What you need to do - This exercise calls for the records to be returned exactly, with images removed.

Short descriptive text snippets
-------------------------
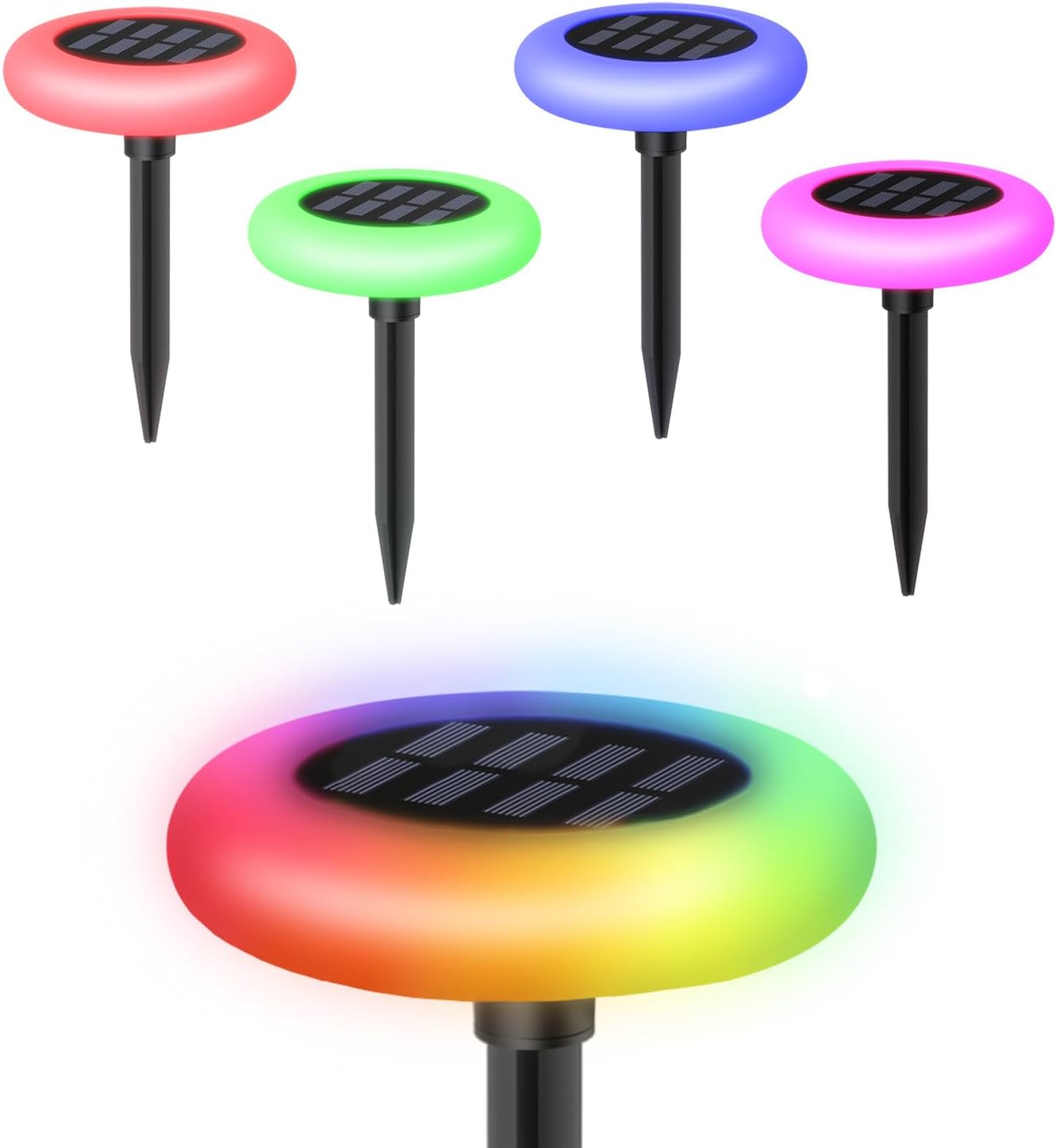 SKYLAR Solar Outdoor Lights 4PK Solar Lights Outdoor Waterproof 8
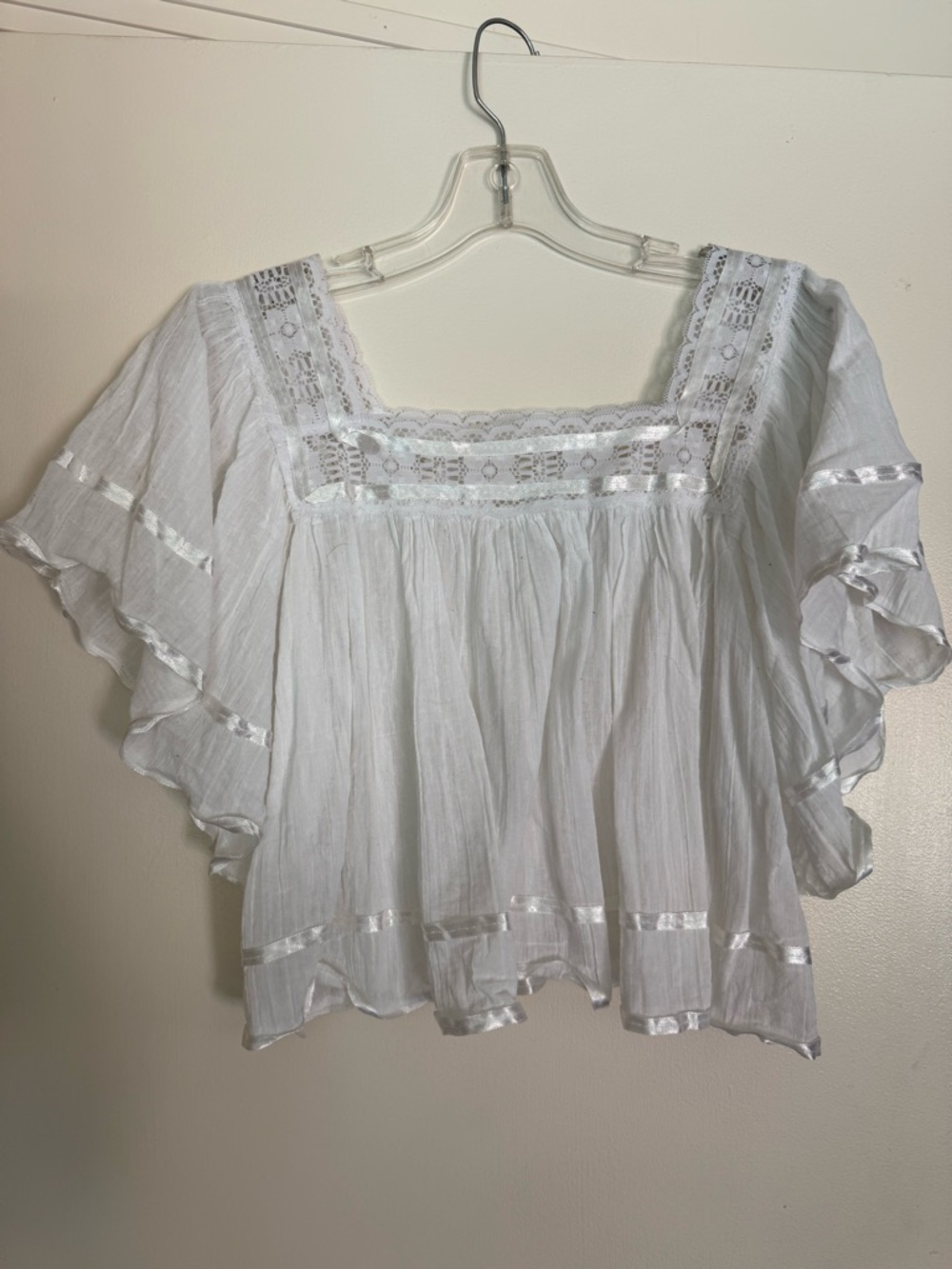 White Lace Square-Neck Peasant Top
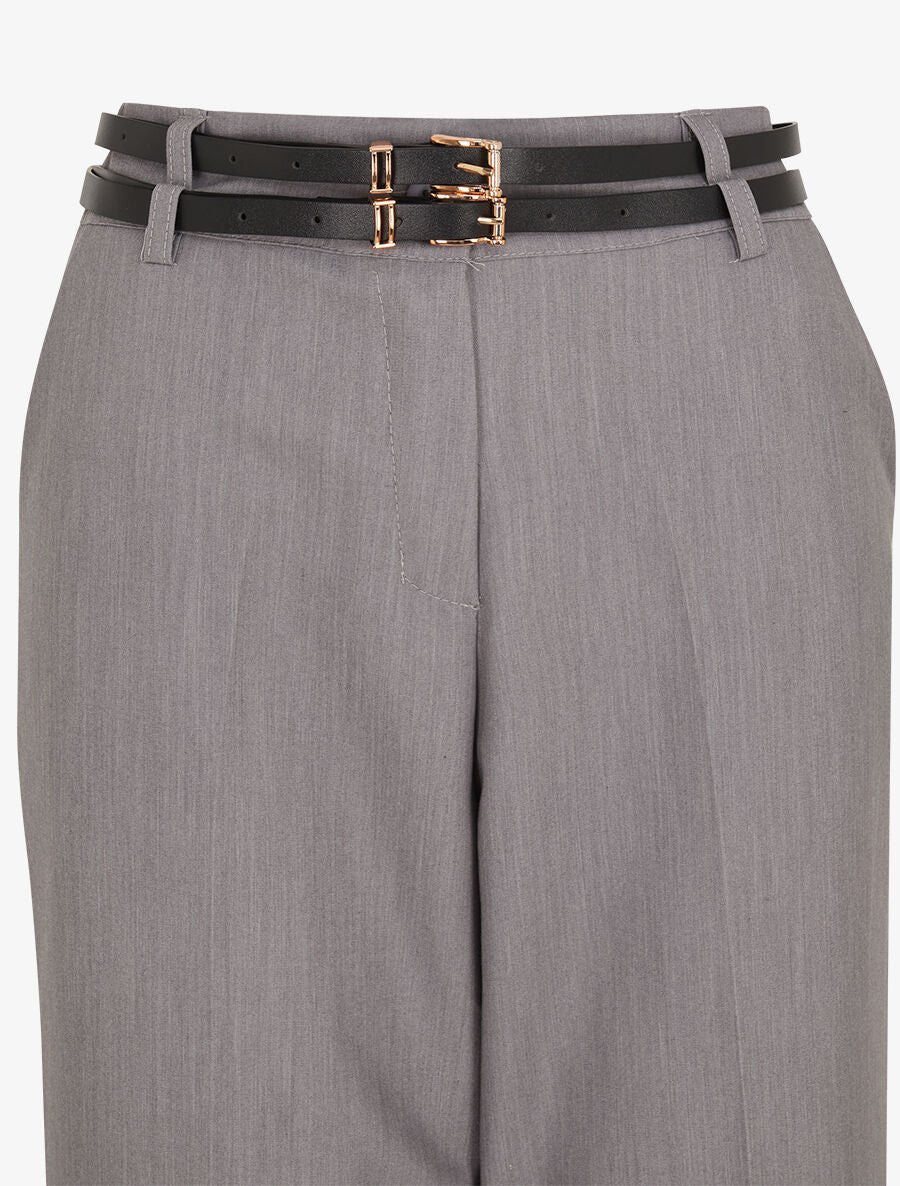 Pantalon droit taille haute ceinturée - Gris - 3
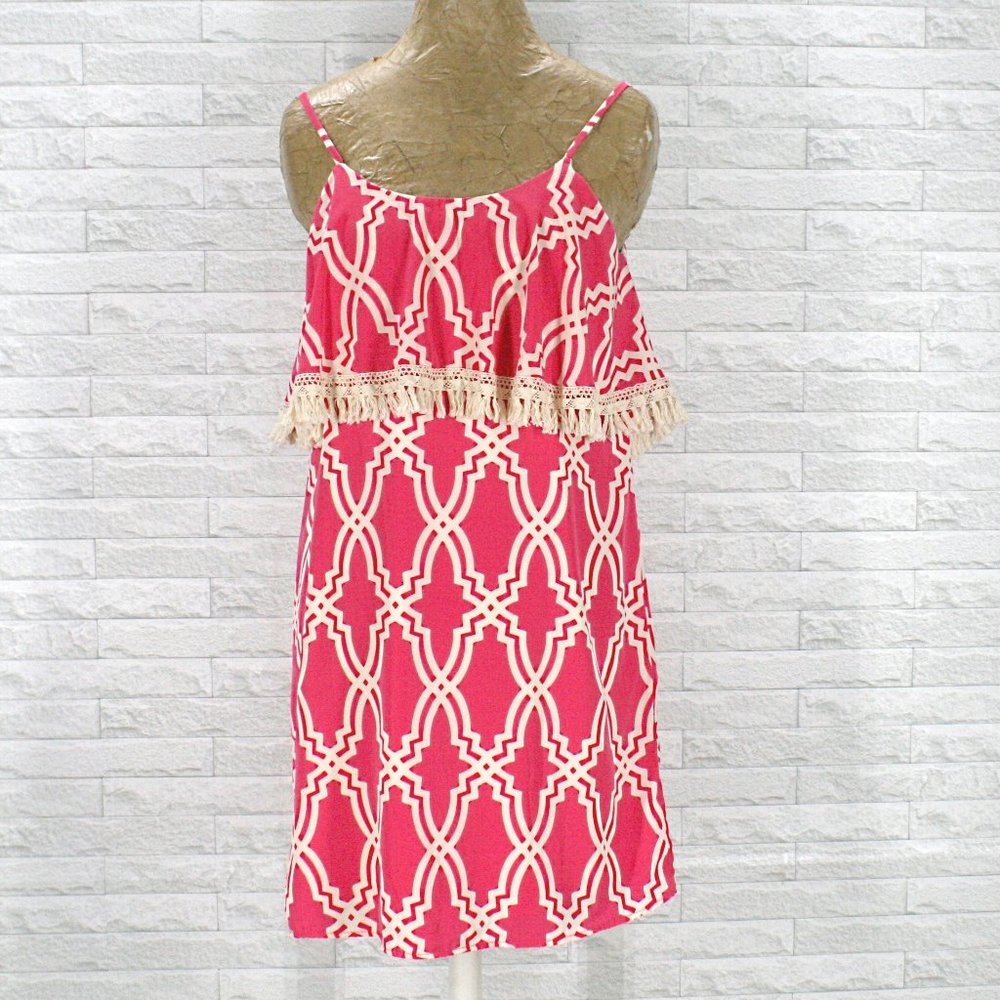 PEACH LOVE CALIFORNIA Pink Popover Dress Boho Fringe Sundress Flowy Tunic Small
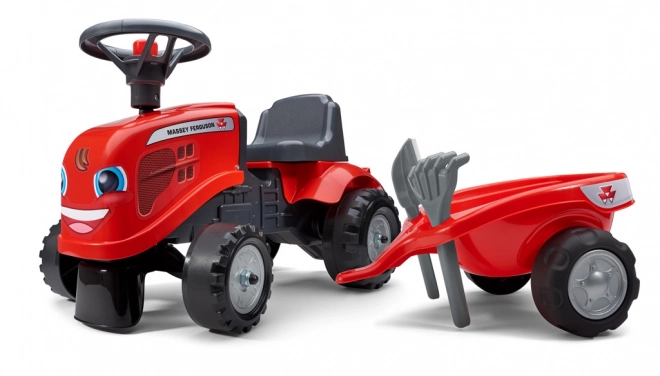 Rutschtraktor Massey Ferguson rot mit Lenkrad und Anhänger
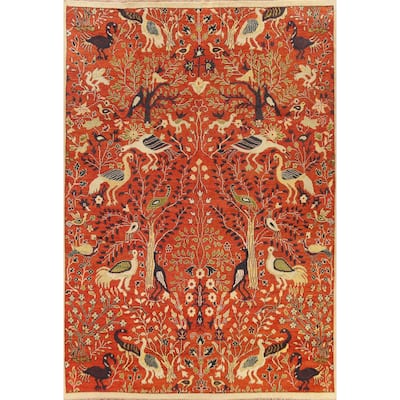 Hand Knotted Oriental 100% Wool Carpet Traditional All-Over Oranges & Rust Ziegler Area Rug - 11' 10'' X 8' 10''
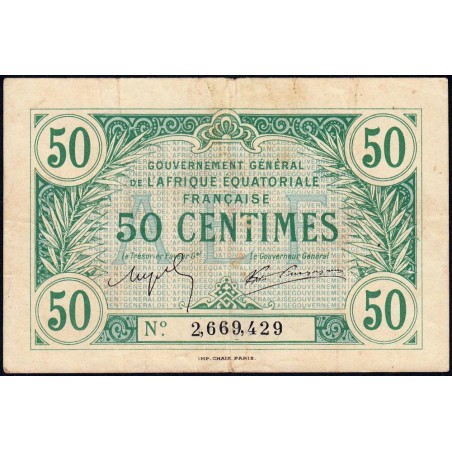 AEF - Pick 1a_2 - 50 centimes - 1917 - Etat : TTB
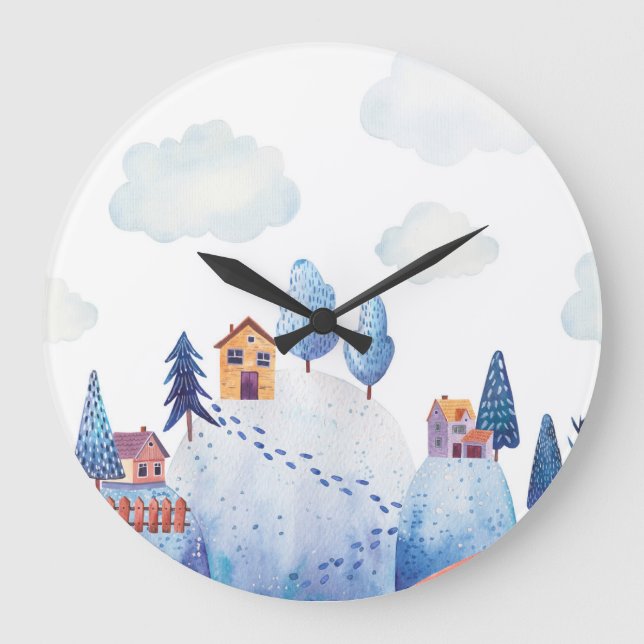 Reloj Redondo Grande Selva acuarela: Ilustracion paisajístico irónico (Anverso)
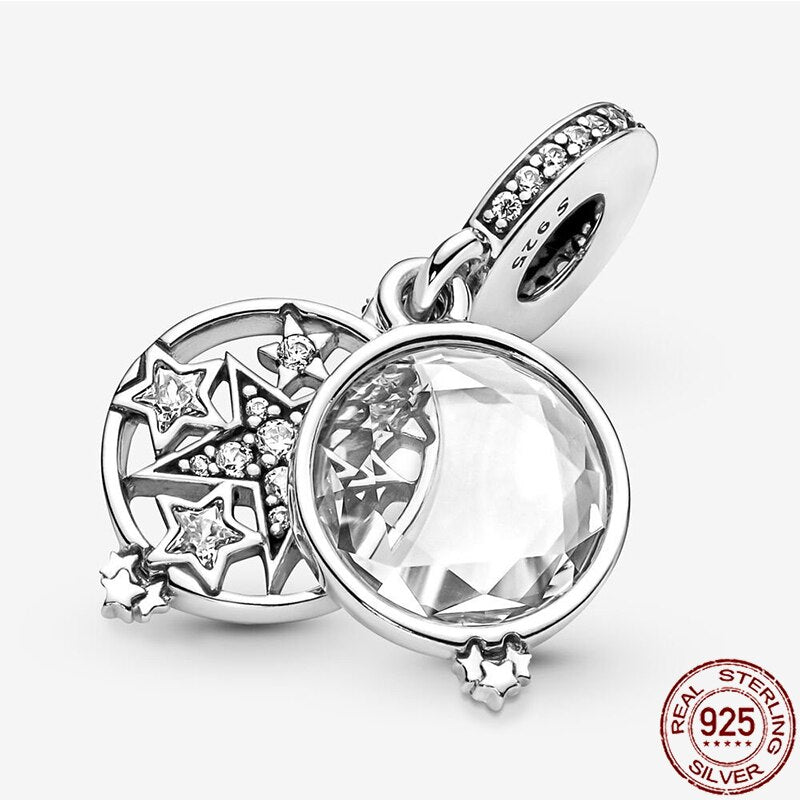 925 Sterling Silver Galaxy Star Charm Cosmic Beads Fit Original Pandora Bracelet DIY Fashion Jewelry Women's Pendant Jewelry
-------------------------
Written solution -
 SKYLAR Solar Outdoor Lights 4PK Solar Lights Outdoor Waterproof 8
 White Lace Square-Neck Peasant Top
 Pantalon droit taille haute ceinturée - Gris - 3
 PEACH LOVE CALIFORNIA Pink Popover Dress Boho Fringe Sundress Flowy Tunic Small
 Rutschtraktor Massey Ferguson rot mit Lenkrad und Anhänger
 Hand Knotted Oriental 100% Wool Carpet Traditional All-Over Oranges & Rust Ziegler Area Rug - 11' 10'' X 8' 10''
 AEF - Pick 1a_2 - 50 centimes - 1917 - Etat : TTB
 Reloj Redondo Grande Selva acuarela: Ilustracion paisajístico irónico (Anverso)
 925 Sterling Silver Galaxy Star Charm Cosmic Beads Fit Original Pandora Bracelet DIY Fashion Jewelry Women's Pendant Jewelry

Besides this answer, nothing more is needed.